**WHAT YOU ARE ASKED TO DO**
Repeat exactly the lines of the material below that run from the "Chamois Apartments Durmitor" line to the "Bodegas Valduero Ribera" line, including both, and do not carry over any pictures.

**SUPPLIED MATERIAL**
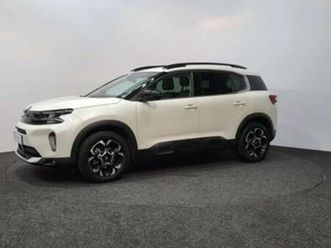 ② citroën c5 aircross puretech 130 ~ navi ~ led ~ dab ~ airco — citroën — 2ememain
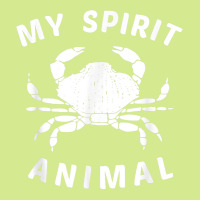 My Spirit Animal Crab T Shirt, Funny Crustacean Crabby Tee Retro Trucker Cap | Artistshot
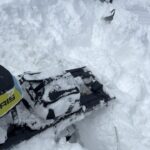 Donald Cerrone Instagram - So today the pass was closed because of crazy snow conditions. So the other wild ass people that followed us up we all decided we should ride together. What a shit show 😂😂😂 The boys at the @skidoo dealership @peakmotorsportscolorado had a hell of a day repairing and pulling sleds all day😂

...

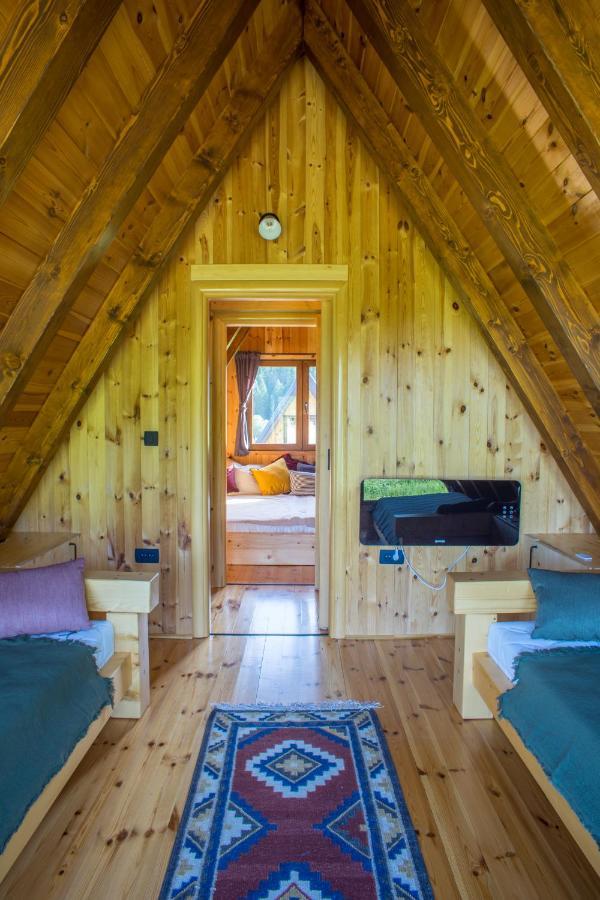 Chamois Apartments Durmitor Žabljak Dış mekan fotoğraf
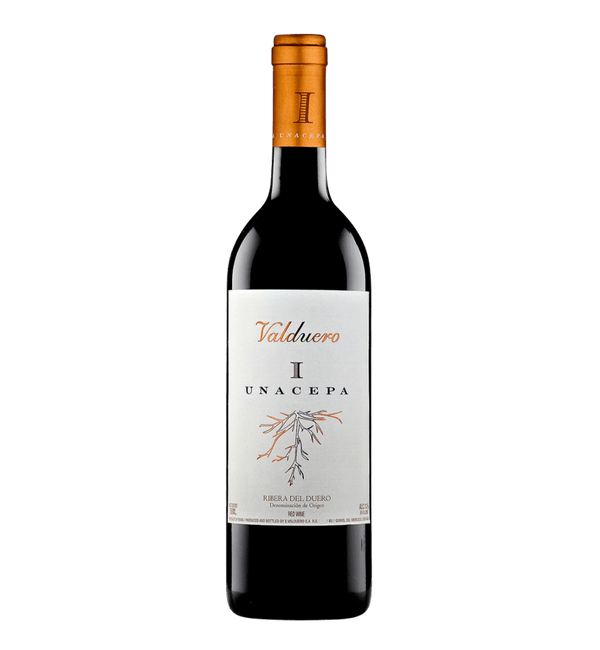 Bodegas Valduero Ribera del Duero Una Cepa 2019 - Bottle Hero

--

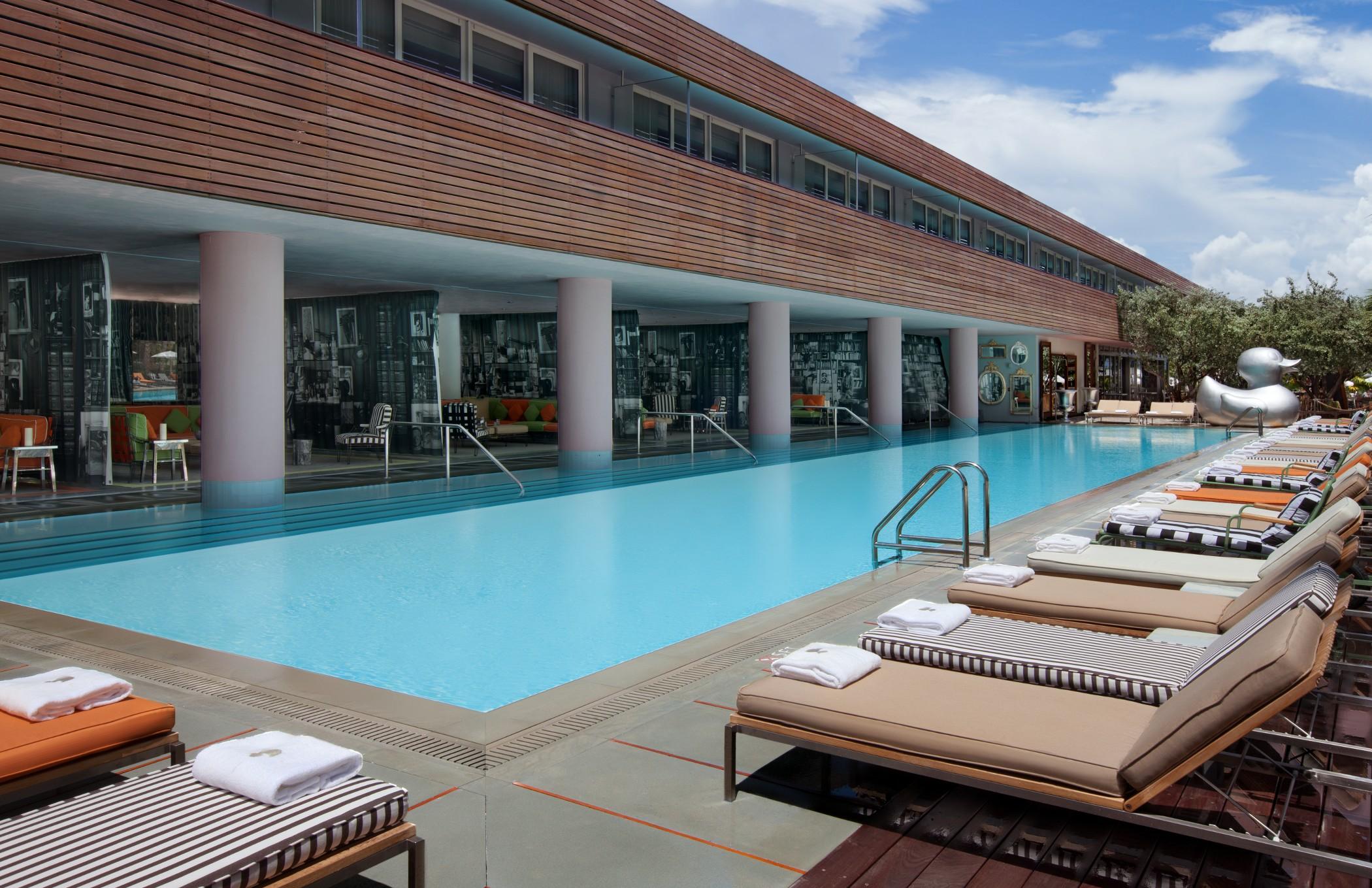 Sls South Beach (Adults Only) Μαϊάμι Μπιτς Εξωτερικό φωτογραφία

**FINAL ANSWER**
 Chamois Apartments Durmitor Žabljak Dış mekan fotoğraf
 Bodegas Valduero Ribera del Duero Una Cepa 2019 - Bottle Hero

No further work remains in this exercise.